More generally, said second part is divergent by an angle at the apex comprised between approximately 1 "and approximately 20, preferably between approximately 3 and approximately 14", and advantageously between approximately 6 "and approximately 10.

Furthermore, the invention can be applied when the shutter is other than a pocket drawer.

By also generalizing the dimensions, said first part has a length of between approximately once and approximately five times its largest transverse dimension, preferably between approximately twice and five times, and advantageously between approximately twice and approximately four times its largest. transverse dimension.

The shape of the cross sections of the first and second parts of the tube, perpendicular to its axis, could be arbitrary, provided there is sufficient continuity.

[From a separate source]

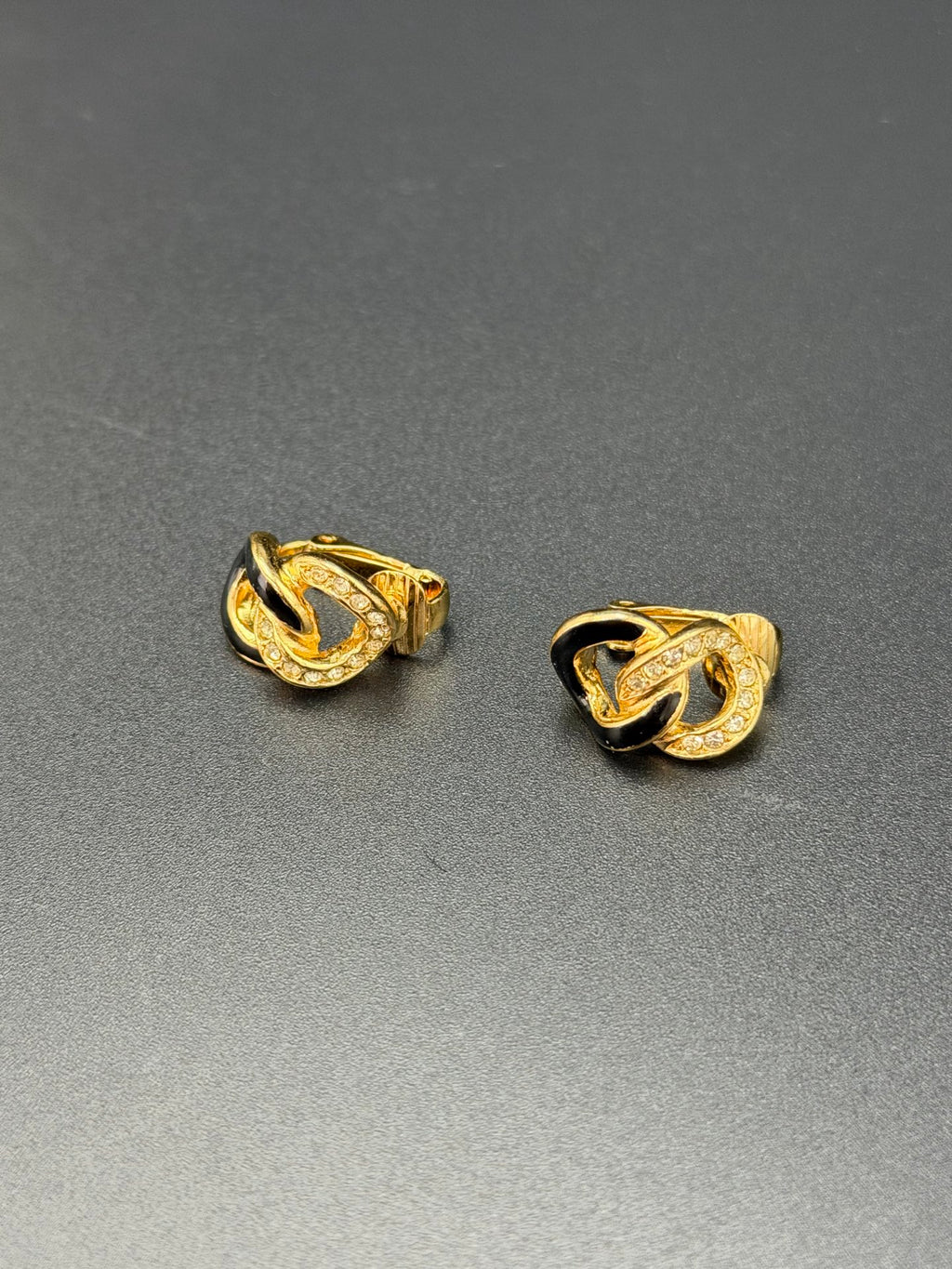 CHRISTIAN DIOR CD Logo Earring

However, it is preferably substantially oval, for example substantially elliptical, or more precisely substantially circular.

Claims (10)

CLAIMS 1. Continuous casting ladle tube, characterized in that it comprises, in a downstream zone, a first part (3) of substantially constant section and, upstream of said first part, a second part (4) of relatively divergent section. 2. Tube according to claim 1, characterized in that said first part (3) has an average apex angle less than a threshold of the order of 2 ". 3. Tube according to one of claims 1 and 2, characterized in that said second part (4) diverges from an apex angle of between approximately 1 "and approximately 20. 4. Tube according to claim 3, characterized in that said second part is divergent from an apex angle of between about 3 and about 140. 5. Tube according to claim 4, characterized in that said second part (4) is divergent by an apex angle of between approximately 6 "and approximately 10. 6. Tube according to one of claims 1 to 5, characterized in that said first part (3) has a length between about once and about five times its largest transverse dimension. 7. Tube according to claim 6, characterized in that said first part (3) has a length of between approximately twice and approximately five times its largest transverse dimension. 8. Tube according to claim 7, characterized in that said first part (3) has a length of between approximately twice and approximately four times its largest transverse dimension. 9. Tube according to one of claims 1 to 8, characterized in that at least one of said first and second parts has a substantially oval cross section. 10. Tube according to one of claims 1 to 8, characterized in that at least one of said first and second parts has a circular cross section.